By Benjamin McConley 18321-014 FCI Coleman Low
When President Donald Trump signed the First Step Act into law, he didn’t just push through a piece of legislation, he cracked open the doors of a broken justice system. He gave America’s forgotten men and women a voice, a pathway, and for the first time in a generation, hope. From where I sit today inside the walls of FCC Coleman Low, I can tell you firsthand: President Trump is the only president in recent history who has done what he said he would do.
I’ve been in federal prison for six years for a non-violent white collar offense. I know what it means to be stripped of your name and replaced with a number. I know what it means to be buried under bureaucracy and ignored by the very institutions meant to offer “correction.” Fortunately, I also know what it feels like when a president remembers that you’re still human.
Let me be clear: the men I live with, the inmates I walk the compound with, Black, White, Hispanic, Asian, citizens and immigrants alike, are cheering for President Trump. The cheering is not because of rhetoric, nor for empty promises, its because of results. The First Step Act, along with the previously passed Second Chance Act are not just bills on Capital Hill: they are lifelines. They are policies that make sense, save taxpayers dollars, reunite families, and focus on outcomes, not just punishment.
The sad truth is that this bold vision has been hijacked by a sluggish, unaccountable bureaucracy. While President Trump gave us the map, it’s the local Wardens, Case Managers, Unit Team staff and now the “RM’s”- Probation Officers, who hold the keys, and far too many are ignoring the instructions given by the Trump Administration. Rather than implement the First Step Act and transition eligible inmates to home confinement or supervised release, as directed, they stall, delay, and blame other departments or their lack of “guidance”. The newest excuse is that inmates will be “waiting on the RM”, which now has the say on how much Home Confinement inmates get rather than going by the letter of the law and guidance from the newly appointed BOP Director. All this while men and women waste away behind bars long after they’ve earned their second chance at life.
This is not what President Trump intended. This is sabotage by inaction and willful obstruction by an agency that refuses to implement change.
I may be a felon, and I may be stained by my past, but I will not be silenced. I will scream, write, teach, and fight for this cause both while in prison and after my release, until someone listens. Whether the Trump Administration ever recognized me or not, I will continue to champion what he began because I believe the work that matters most is the work done in private. In here, behind the razor wire, I am not alone. Thousands of incarcerated Americans, many of them minorities, see through the political noise and recognize who undeniably kept his word as president.
Minorities should be lining up to vote for Trump and the lawmakers who will advance his agenda. This isn’t about party lines, it’s about policy that works. It isn’t a Republican or a Democrat issue, it’s about children getting their fathers back. It’s about mothers returning to their homes and families. This movement is about Americans contributing again, instead of costing the U.S. Taxpayer over $45,000 a year to sit in a cell, long after their lessons are learned. Ultimately, it’s about dignity, redemption, and common sense.

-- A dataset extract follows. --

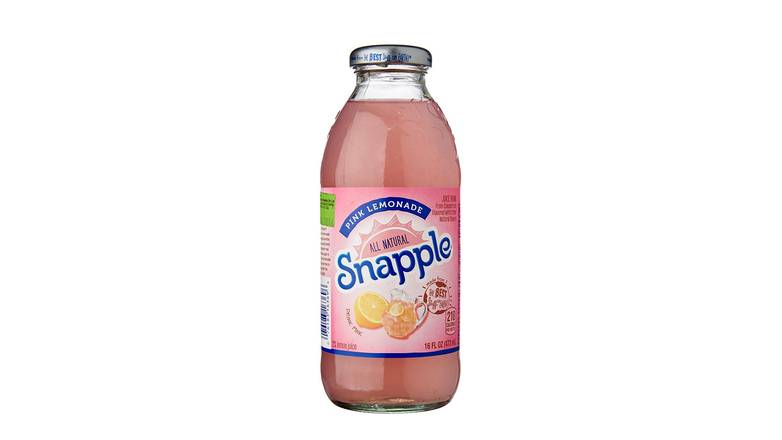 Order Snapple - Pink Lemonade food online from Trumbull Mobil store, Trumbull on bringmethat.com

Let me tell you something else the media won’t: many of the undocumented immigrants incarcerated with me, men with ICE detainers, non-violent offenders who’ve already served 5, 10, and even 15 years support Trump. Why? Because even his immigration policy, though firm, is fair. The men here aren’t afraid of deportation. They want it. They’re begging for it. There are over 24,000 illegal immigrants in the Bureau of Prison. More than half of these are non-violent offenders. These inmates are ready to go home and rebuild their lives. Instead, they rot here, excluded from the First Step Act, denied Second Chance Act eligibility, and are left in limbo with no end in sight. They spend many additional years in prison for no practical reason. All on the taxpayer’s dime.
These are men from Cape Verde, Venezuela, Colombia, the Dominican Republic, Mexico, Costa Rica, Brazil, and beyond. To tell you the truth: if a man hasn’t changed after 5 years in federal prison, he’s not going to. Rehabilitation happens early. After a while, continued incarceration for non-violent offenders is no longer productive, it’s just punishment for punishment’s sake. President Trump, I believe, understands this.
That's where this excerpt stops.